An exact reproduction of all the data is needed, with no images in it.

┄┄┄┄┄┄┄┄┄┄┄┄┄┄┄┄┄┄┄┄

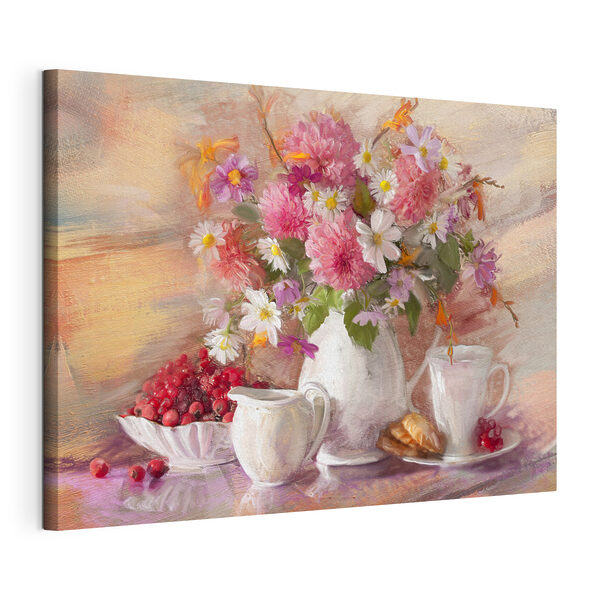 Tableaux Une peinture de fleurs dans un vase et un bol de croissants (UGS : s29240) Tableaux Tableaux Une peinture de fleurs dans un vase et un bol de croissants (UGS : s29240)
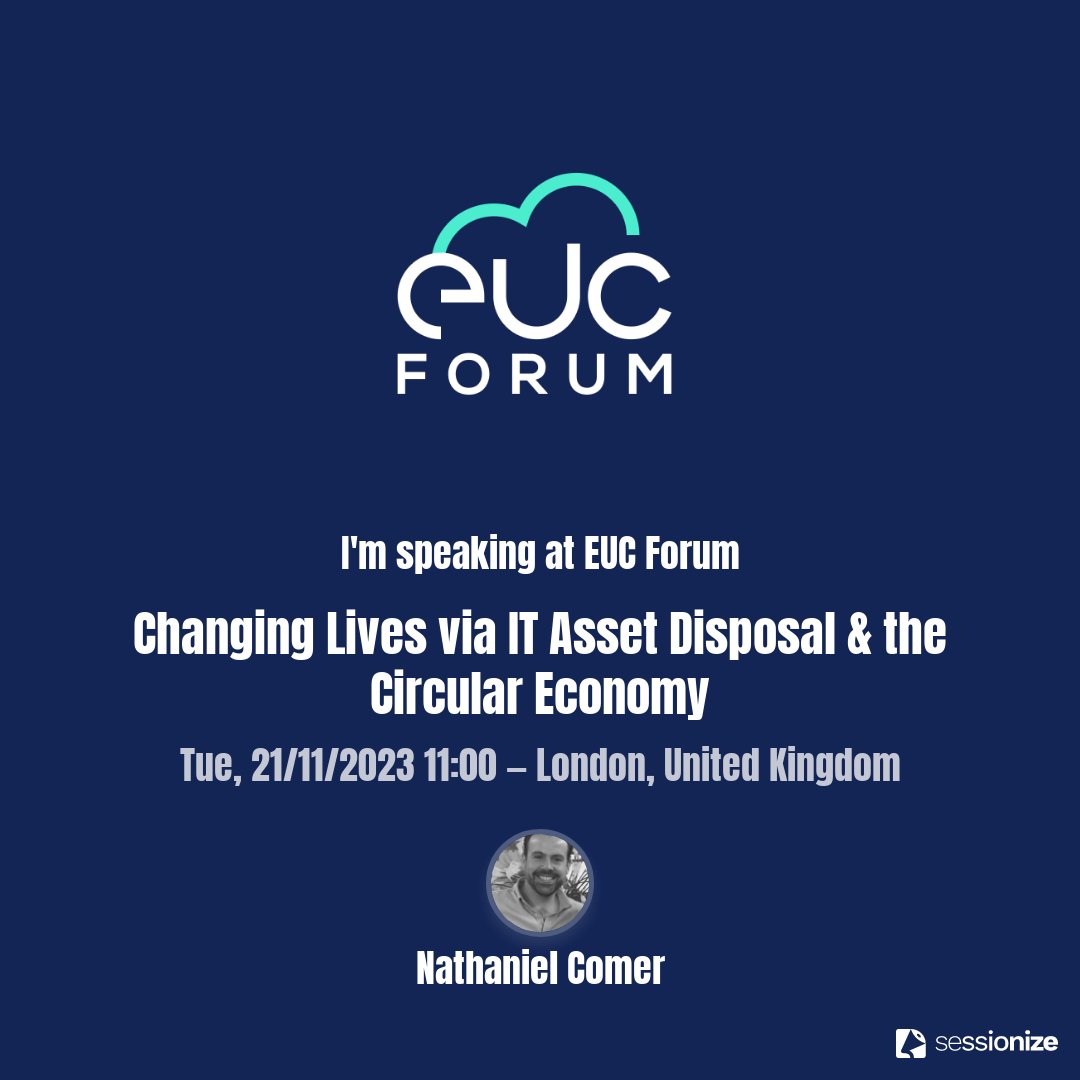 eucforumuk's tweet photo. Come along to the EUC Forum Meeting on the 21st of November to see Nathaniel Comer talk about Changing Lives via IT Asset Disposal &amp; the Circular Economy - Register here: https://t.co/KxtL1foX4k @NathanielComer https://t.co/M1BM6Hr7CO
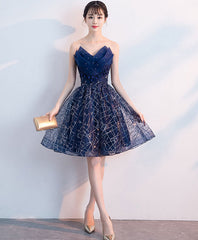 Dark Blue V Neck Tulle Sequin Short Prom Dress, Blue Homecoming Dress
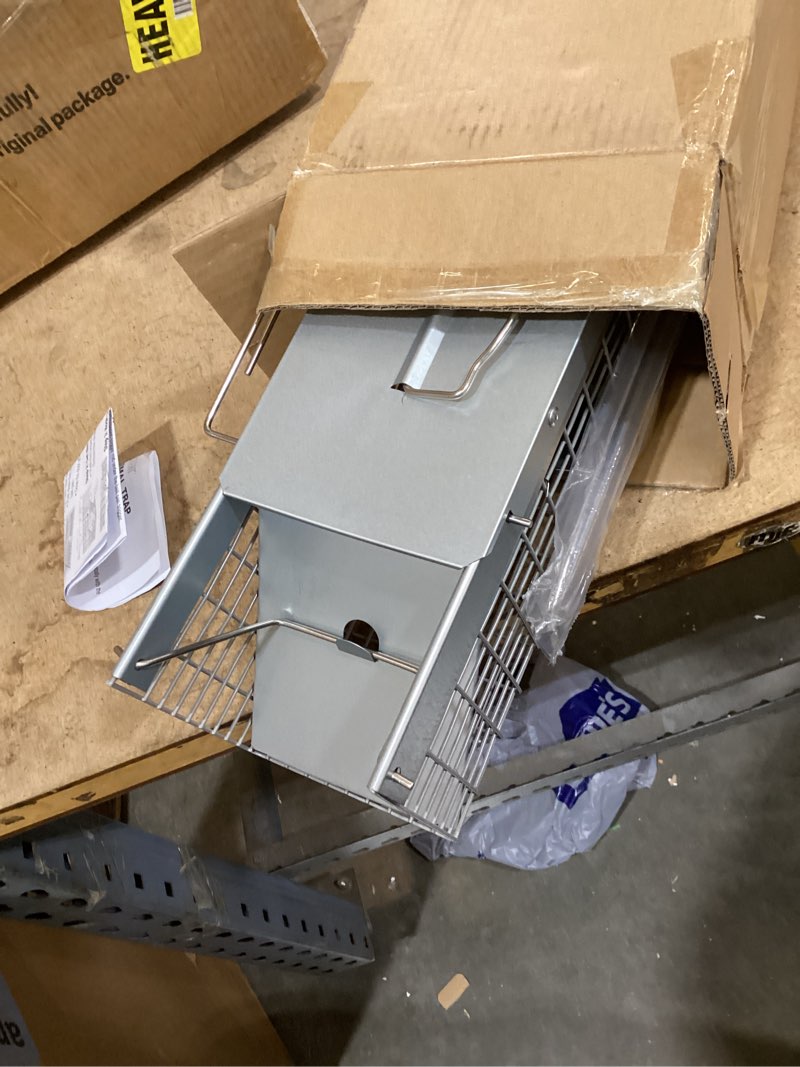 Condition photo showing New/Like New for homestead live rat trap indoor/outside - squirrel trap, have a heart animal for chipmunk, small rabbits, weasel and similar-size rodents, 18"x5"x5", 2 doors, fully assembled 18 inch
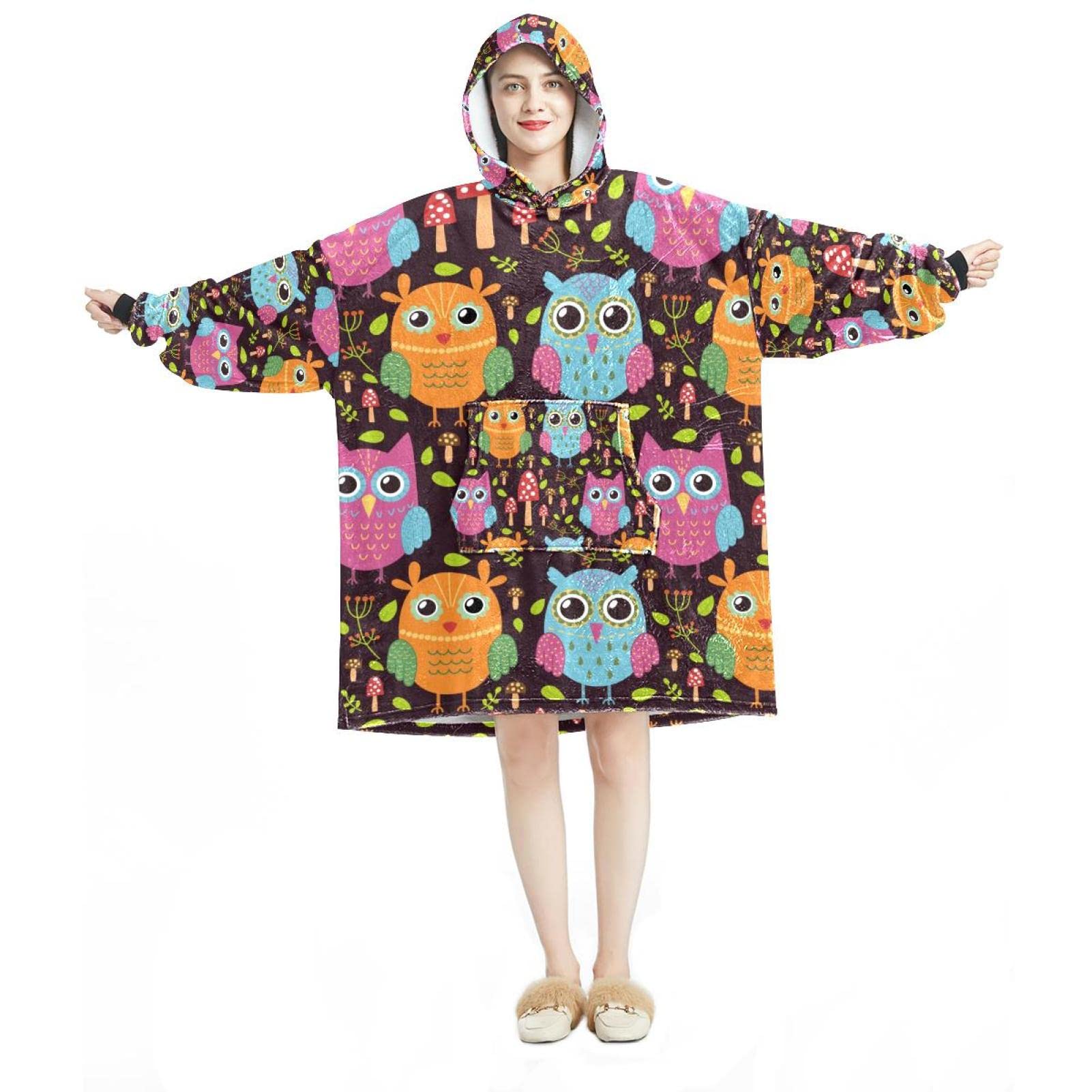 Sweat à capuche surdimensionné hiboux pour des soirées d'hiver cocooning au chaud
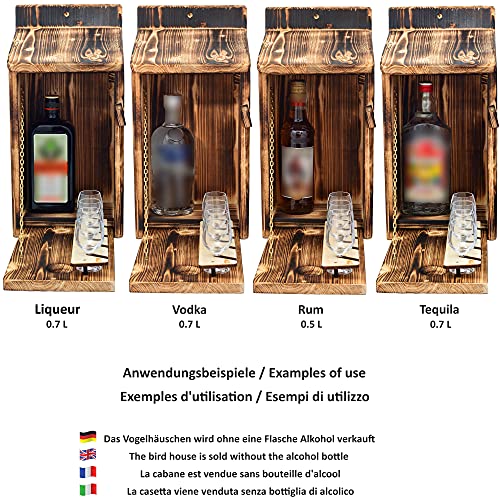 Alcohol Cage® Outdoor|Indoor - Holz Vogelhaus mit Platz für Flasche Schnaps 0.7 Liter und Glas Lustige Geschenke Männer für den Garten Zwitscherbox mit Minibar Geburtstag Vatertagsgeschenk, Braun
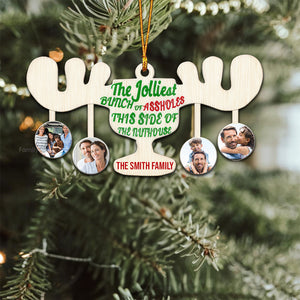 The Jolliest Bunch Of Assholes - Funny Gift For Family - Personalized Wood Ornament - NA94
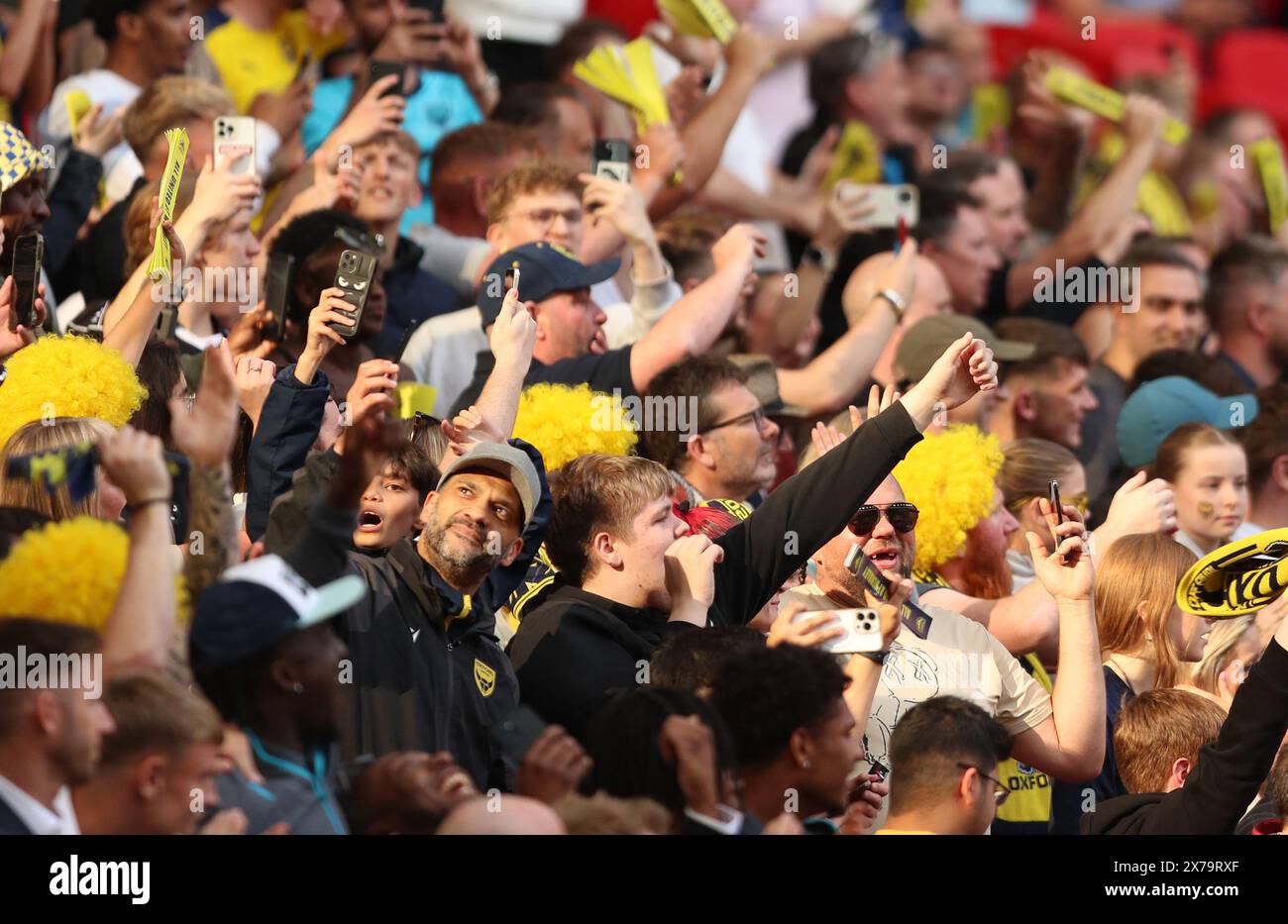 Oxford United fans during the Bolton Wanderers FC v Oxford United FC sky bet EFL League One Play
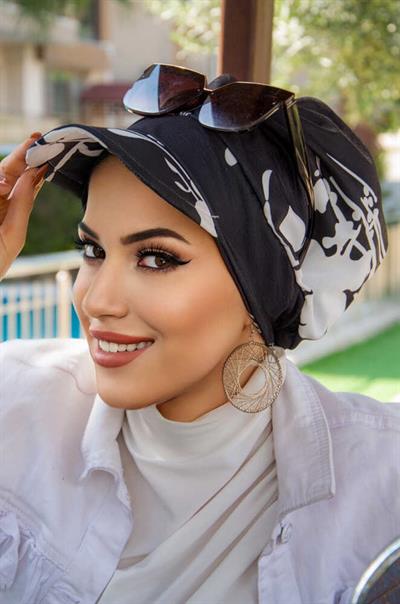 Siyah Beyaz Yaprak Desen Tesettür Şapka Bone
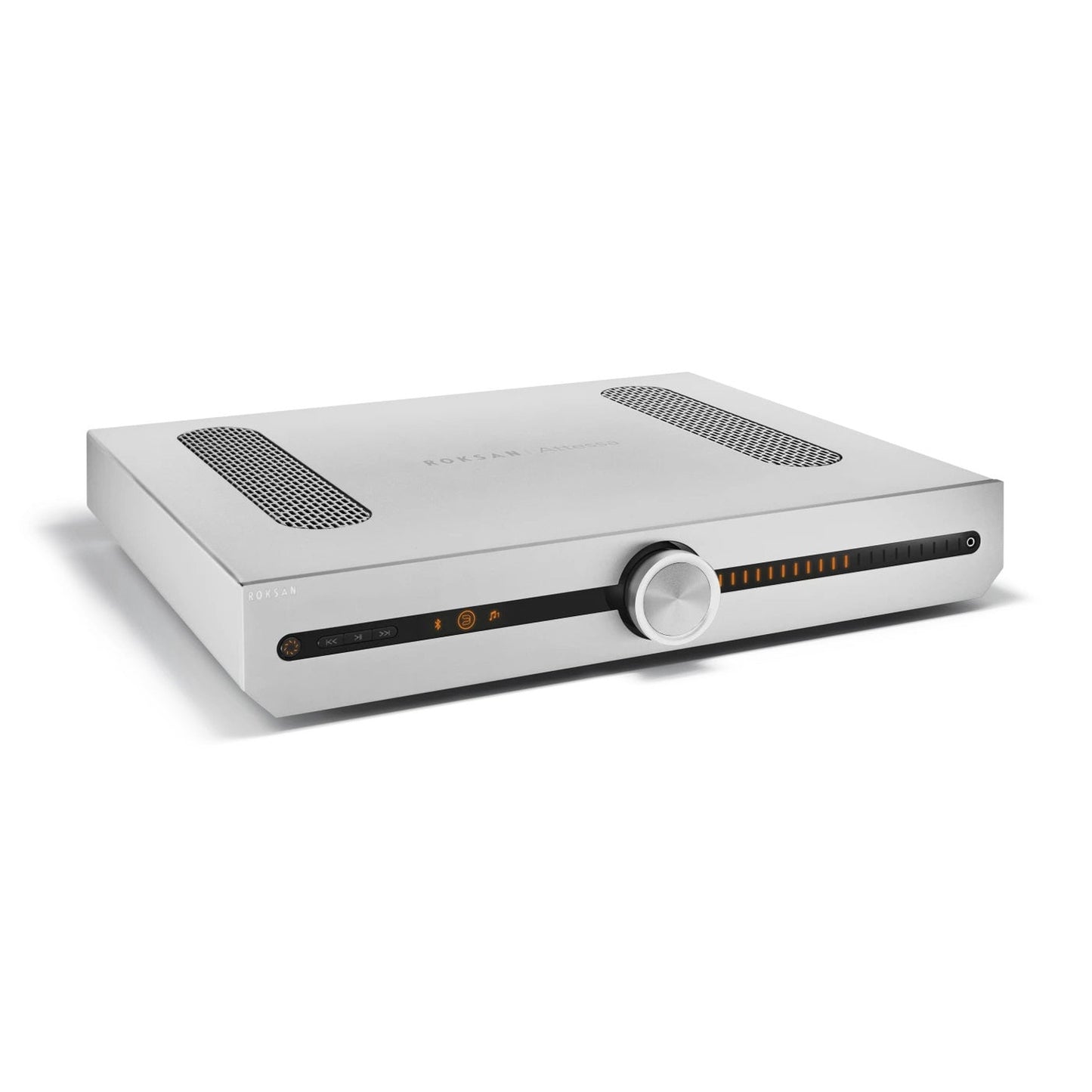 Roksan Attessa CD-Streaming Set in Silber, Schrägansicht Streaming Vollverstärker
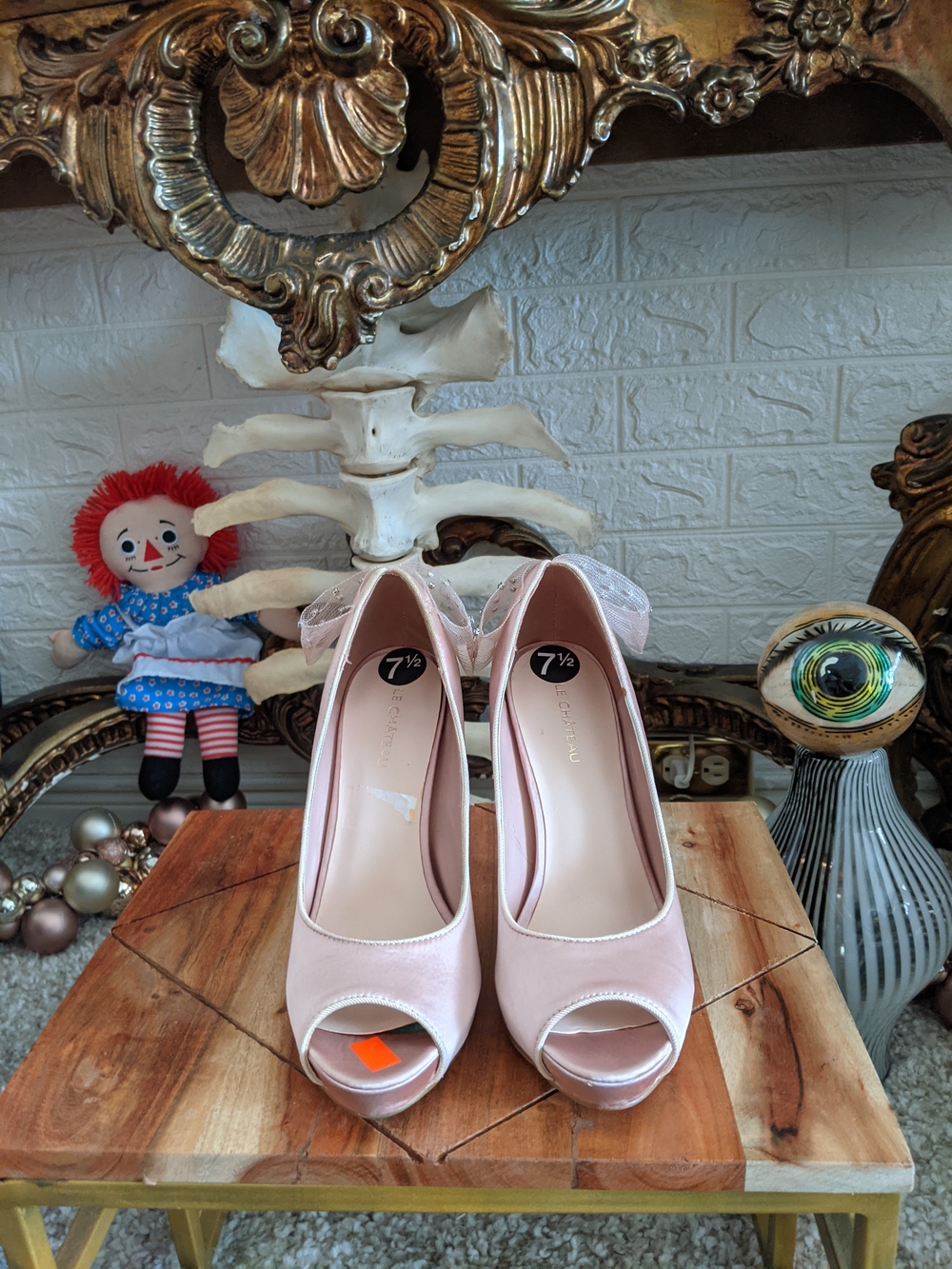 Women's Pink Peep-Toe Heels - Size 7½ Pin Up Heels
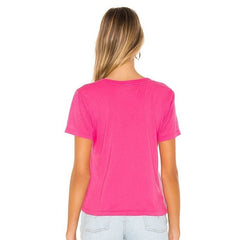 Hudson Jeans Distressed Fuchsia Modal Cotton T-Shirt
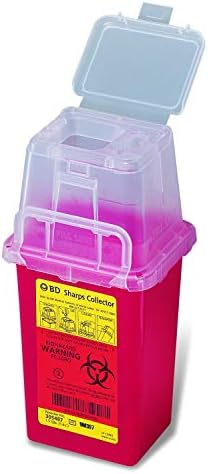 BECTON DICKINSON & COMPANY 305487 Nestable Sharps Collector, Red Base, Natural Top with Dual Access, 9" H x 4.5" L x 4" W BD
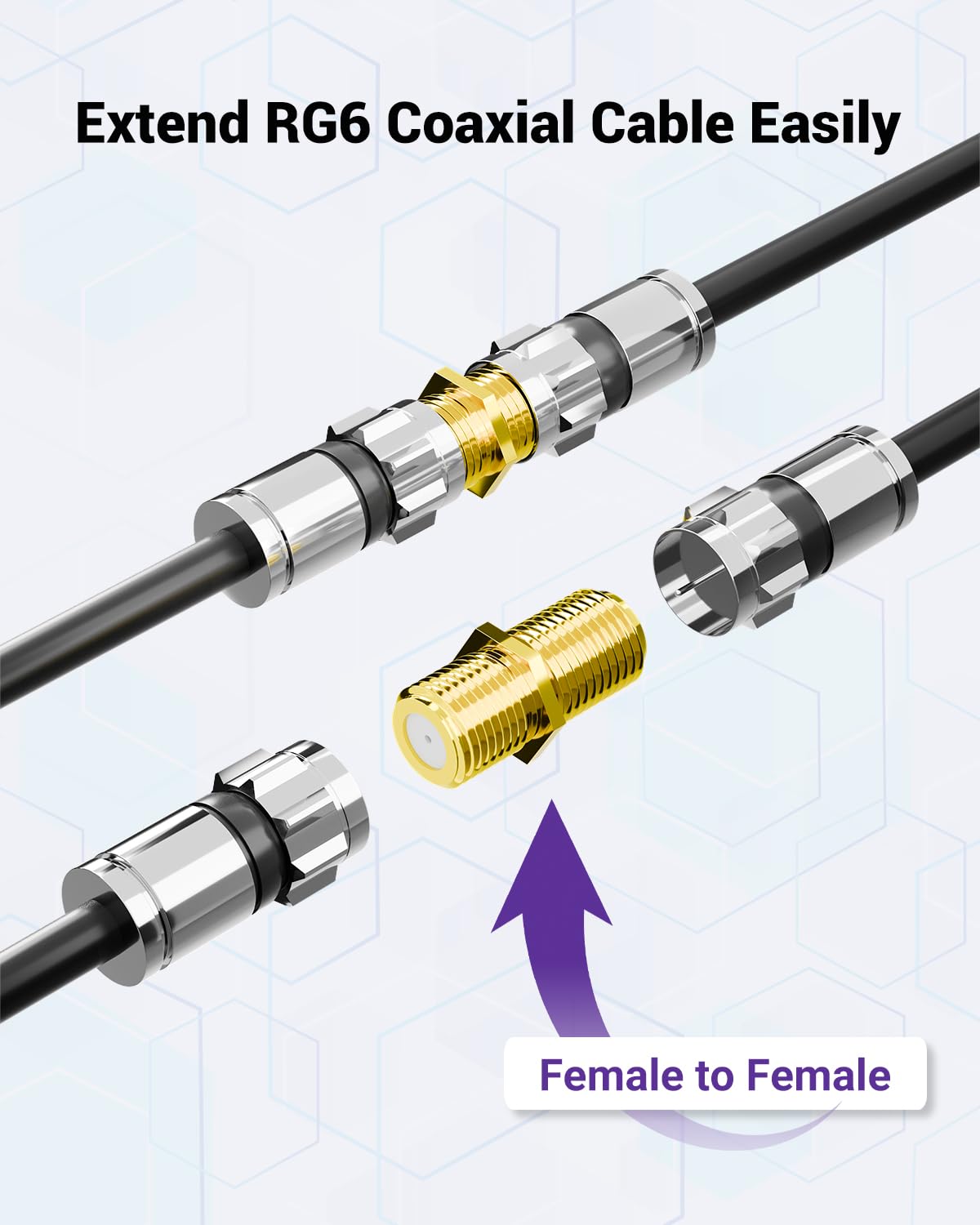 VCE Coaxial Cable Connector, RG6 Coax Cable Extender F-Type Gold Plated Adapter Female to Female for TV Cables, 2 Pack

┄┄┄┄┄┄┄┄┄┄┄┄┄┄┄┄┄┄┄┄

→ **RESULT OF THIS TASK**:
 Tableaux Une peinture de fleurs dans un vase et un bol de croissants (UGS : s29240) Tableaux Tableaux Une peinture de fleurs dans un vase et un bol de croissants (UGS : s29240)
 eucforumuk's tweet photo. Come along to the EUC Forum Meeting on the 21st of November to see Nathaniel Comer talk about Changing Lives via IT Asset Disposal &amp; the Circular Economy - Register here: https://t.co/KxtL1foX4k @NathanielComer https://t.co/M1BM6Hr7CO
 Dark Blue V Neck Tulle Sequin Short Prom Dress, Blue Homecoming Dress
 Condition photo showing New/Like New for homestead live rat trap indoor/outside - squirrel trap, have a heart animal for chipmunk, small rabbits, weasel and similar-size rodents, 18"x5"x5", 2 doors, fully assembled 18 inch
 Sweat à capuche surdimensionné hiboux pour des soirées d'hiver cocooning au chaud
 Alcohol Cage® Outdoor|Indoor - Holz Vogelhaus mit Platz für Flasche Schnaps 0.7 Liter und Glas Lustige Geschenke Männer für den Garten Zwitscherbox mit Minibar Geburtstag Vatertagsgeschenk, Braun
 The Jolliest Bunch Of Assholes - Funny Gift For Family - Personalized Wood Ornament - NA94
 Oxford United fans during the Bolton Wanderers FC v Oxford United FC sky bet EFL League One Play
 Siyah Beyaz Yaprak Desen Tesettür Şapka Bone
 Roksan Attessa CD-Streaming Set in Silber, Schrägansicht Streaming Vollverstärker
 Women's Pink Peep-Toe Heels - Size 7½ Pin Up Heels
 Hudson Jeans Distressed Fuchsia Modal Cotton T-Shirt
 BECTON DICKINSON & COMPANY 305487 Nestable Sharps Collector, Red Base, Natural Top with Dual Access, 9" H x 4.5" L x 4" W BD
 VCE Coaxial Cable Connector, RG6 Coax Cable Extender F-Type Gold Plated Adapter Female to Female for TV Cables, 2 Pack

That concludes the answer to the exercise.